The new act has been rightly praised for restoring the duty of councils to provide long-term housing for the homeless, taken away under the last Tory government. Families will have to be moved out of B&Bs in the next two years and vulnerable people such as ex-convicts and 17-year-olds will be eligible for priority housing.
But this will cost London alone £15-20m more a year, money that councils might not be able to provide.
To address these worries, the government can point to an extra £25m it handed out last week to those councils where the problem is most acute. It has also significantly increased levels of housing benefit so that councils can in theory afford to rent out a private house rather than book families into grotty B&Bs. Valuable though this help may be, no one expects it to entirely solve the problem.
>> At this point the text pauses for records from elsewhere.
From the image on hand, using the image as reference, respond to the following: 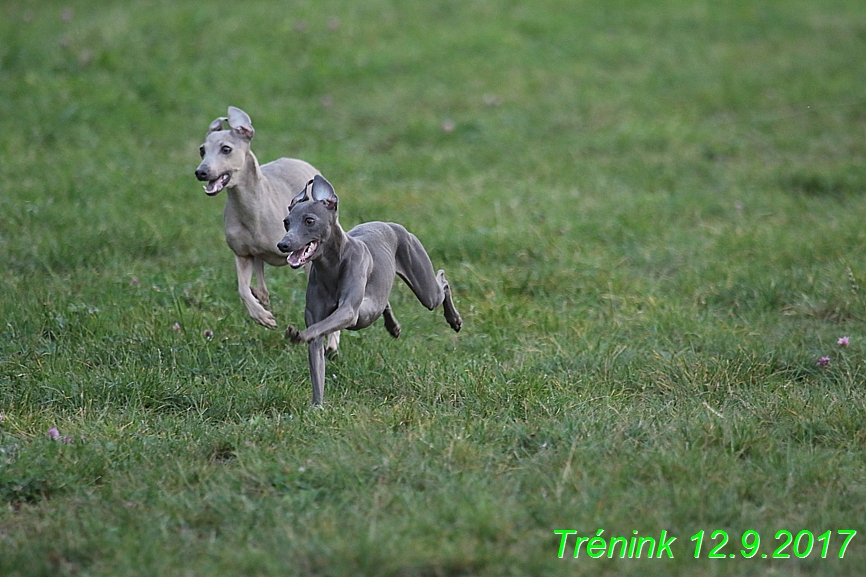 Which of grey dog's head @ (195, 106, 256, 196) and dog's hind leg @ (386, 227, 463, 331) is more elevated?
grey dog's head @ (195, 106, 256, 196)

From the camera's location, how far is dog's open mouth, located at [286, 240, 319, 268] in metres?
4.79

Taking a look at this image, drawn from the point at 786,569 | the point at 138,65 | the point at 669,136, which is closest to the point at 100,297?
the point at 786,569

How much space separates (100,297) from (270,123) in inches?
199

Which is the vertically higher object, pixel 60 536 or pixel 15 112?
pixel 15 112

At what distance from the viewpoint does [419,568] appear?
3.79 m

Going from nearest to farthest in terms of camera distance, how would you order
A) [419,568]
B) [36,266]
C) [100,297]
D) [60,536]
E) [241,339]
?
[419,568] < [60,536] < [241,339] < [100,297] < [36,266]

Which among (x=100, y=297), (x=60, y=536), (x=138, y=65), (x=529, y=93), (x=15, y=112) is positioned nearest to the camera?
(x=60, y=536)

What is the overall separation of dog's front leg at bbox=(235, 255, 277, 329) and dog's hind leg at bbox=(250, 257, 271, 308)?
0.08 m

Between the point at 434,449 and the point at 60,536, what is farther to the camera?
the point at 434,449

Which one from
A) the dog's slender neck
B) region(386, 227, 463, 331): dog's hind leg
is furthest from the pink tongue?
the dog's slender neck

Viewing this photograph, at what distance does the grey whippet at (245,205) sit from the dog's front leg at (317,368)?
680mm

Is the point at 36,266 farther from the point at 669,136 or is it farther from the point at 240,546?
the point at 669,136

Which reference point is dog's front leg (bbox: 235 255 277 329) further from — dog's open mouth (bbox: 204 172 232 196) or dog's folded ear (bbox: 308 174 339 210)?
dog's folded ear (bbox: 308 174 339 210)

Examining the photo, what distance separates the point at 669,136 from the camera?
11531 millimetres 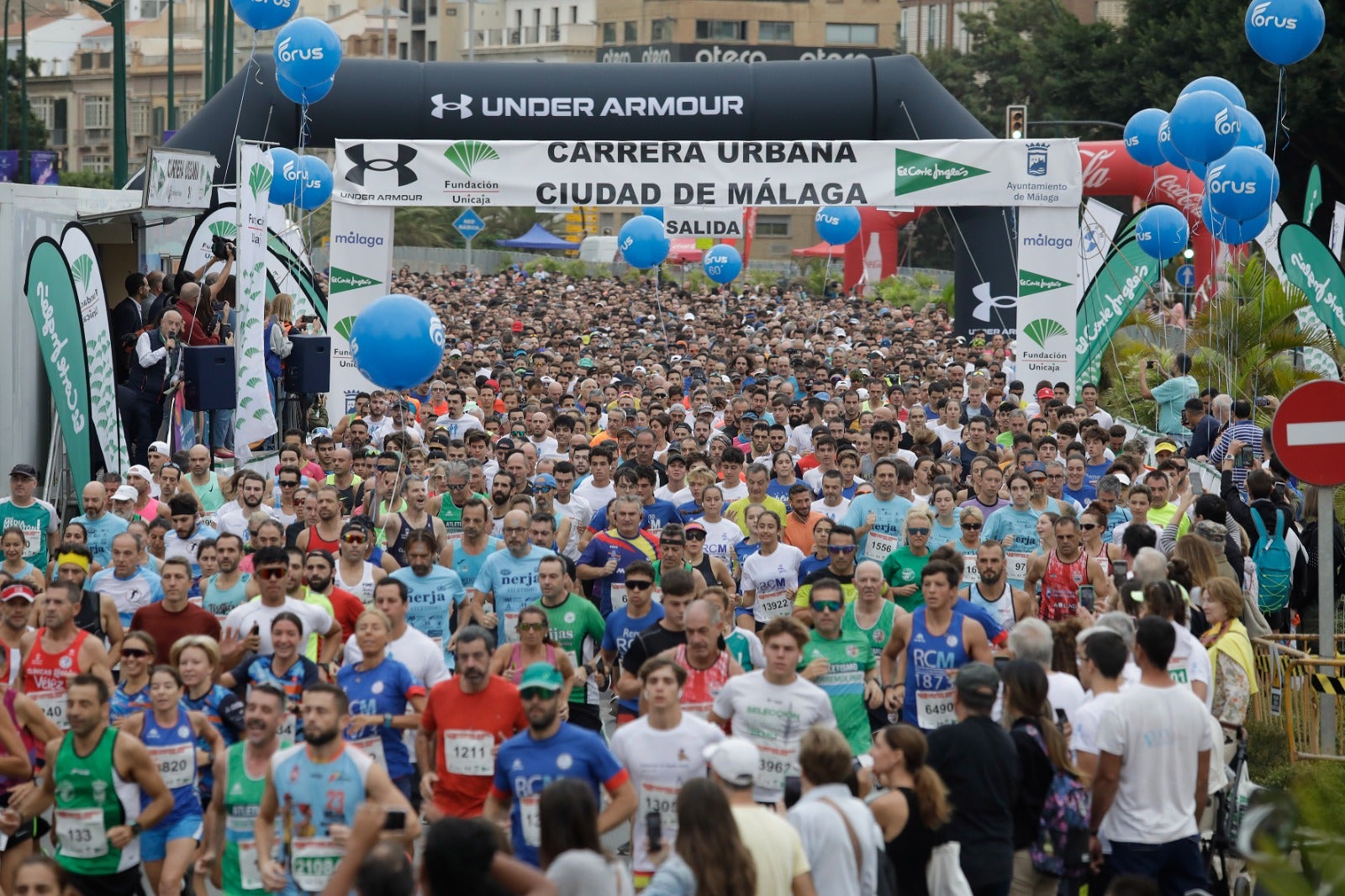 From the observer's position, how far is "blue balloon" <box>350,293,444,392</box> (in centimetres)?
1172

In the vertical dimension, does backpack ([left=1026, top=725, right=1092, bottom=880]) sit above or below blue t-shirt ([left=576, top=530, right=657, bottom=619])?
below

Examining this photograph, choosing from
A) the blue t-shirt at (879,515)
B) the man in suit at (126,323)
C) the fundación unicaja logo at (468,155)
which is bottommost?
the blue t-shirt at (879,515)

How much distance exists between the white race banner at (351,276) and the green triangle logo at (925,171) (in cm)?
587

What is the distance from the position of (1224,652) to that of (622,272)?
191 ft

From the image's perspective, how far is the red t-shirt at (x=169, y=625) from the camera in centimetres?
893

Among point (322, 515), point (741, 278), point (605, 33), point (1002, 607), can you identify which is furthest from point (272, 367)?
point (605, 33)

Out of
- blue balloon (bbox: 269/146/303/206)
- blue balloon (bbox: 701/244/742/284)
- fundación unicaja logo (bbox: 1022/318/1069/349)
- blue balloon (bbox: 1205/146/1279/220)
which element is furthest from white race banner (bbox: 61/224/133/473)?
blue balloon (bbox: 701/244/742/284)

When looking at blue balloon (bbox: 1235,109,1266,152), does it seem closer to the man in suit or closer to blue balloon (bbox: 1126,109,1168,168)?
blue balloon (bbox: 1126,109,1168,168)

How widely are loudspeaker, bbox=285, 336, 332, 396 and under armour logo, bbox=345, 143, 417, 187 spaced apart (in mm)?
2253

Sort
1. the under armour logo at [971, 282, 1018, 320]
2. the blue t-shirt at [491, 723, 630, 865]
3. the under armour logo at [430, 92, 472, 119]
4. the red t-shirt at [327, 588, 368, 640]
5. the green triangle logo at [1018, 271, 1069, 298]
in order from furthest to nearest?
the under armour logo at [971, 282, 1018, 320], the under armour logo at [430, 92, 472, 119], the green triangle logo at [1018, 271, 1069, 298], the red t-shirt at [327, 588, 368, 640], the blue t-shirt at [491, 723, 630, 865]

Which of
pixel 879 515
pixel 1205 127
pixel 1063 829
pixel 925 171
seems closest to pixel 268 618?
pixel 1063 829

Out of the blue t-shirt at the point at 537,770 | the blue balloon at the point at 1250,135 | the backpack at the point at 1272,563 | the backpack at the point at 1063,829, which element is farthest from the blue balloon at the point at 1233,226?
the blue t-shirt at the point at 537,770

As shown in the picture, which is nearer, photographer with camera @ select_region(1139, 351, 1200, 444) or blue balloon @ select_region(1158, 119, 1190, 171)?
photographer with camera @ select_region(1139, 351, 1200, 444)

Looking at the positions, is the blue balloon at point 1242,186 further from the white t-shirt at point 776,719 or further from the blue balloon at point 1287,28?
the white t-shirt at point 776,719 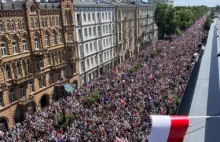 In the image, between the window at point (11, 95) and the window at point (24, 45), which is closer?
the window at point (11, 95)

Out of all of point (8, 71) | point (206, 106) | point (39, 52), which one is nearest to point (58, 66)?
point (39, 52)

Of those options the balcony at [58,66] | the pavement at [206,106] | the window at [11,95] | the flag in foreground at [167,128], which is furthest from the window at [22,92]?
the flag in foreground at [167,128]

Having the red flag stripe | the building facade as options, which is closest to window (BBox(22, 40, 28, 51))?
the building facade

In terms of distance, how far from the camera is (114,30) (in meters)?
54.1

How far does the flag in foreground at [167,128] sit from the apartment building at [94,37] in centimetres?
3383

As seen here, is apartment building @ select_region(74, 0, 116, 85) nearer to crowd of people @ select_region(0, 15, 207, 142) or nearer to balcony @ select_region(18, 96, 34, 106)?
crowd of people @ select_region(0, 15, 207, 142)

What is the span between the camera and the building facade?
28.3m

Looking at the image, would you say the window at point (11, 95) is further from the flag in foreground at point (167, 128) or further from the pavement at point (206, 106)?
the flag in foreground at point (167, 128)

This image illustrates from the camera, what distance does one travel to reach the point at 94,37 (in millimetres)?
45719

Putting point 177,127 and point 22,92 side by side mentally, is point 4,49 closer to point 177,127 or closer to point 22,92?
point 22,92

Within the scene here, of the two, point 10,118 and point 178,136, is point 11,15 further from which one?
point 178,136

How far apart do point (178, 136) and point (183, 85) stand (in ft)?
83.5

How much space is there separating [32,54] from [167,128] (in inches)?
1046

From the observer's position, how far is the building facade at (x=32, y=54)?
28281 mm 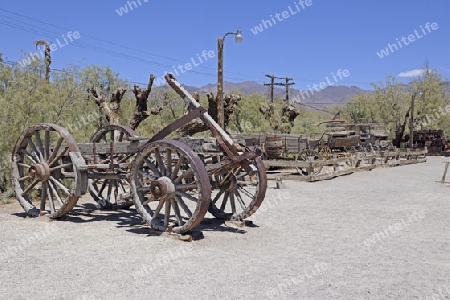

It’s a common gripe: good intentions, not enough resources
Again, but on a more muted scale, housing providers support what the Supporting People regime is trying to do – provide a single pot of money to pay for all kinds of intermediate services like counselling and befriending. Again, resources are a big concern.
The new pot has been swamped with bids. In what could be a costly oversight, the government put no ceiling on the amount that councils could claim to cover the costs of support. Claims have varied from as little as £100 to well over £1000 a week, with housing providers readily admitting they are bidding for as much as possible and using the opportunity to try to fund new services.
Of course, no one will complain if the chancellor wants to dig deeper into his pockets. But, when the sums are done again, the chances are there won't be enough money to go round. If that's the case, the Office of the Deputy Prime Minister should say so soon rather than waiting until December.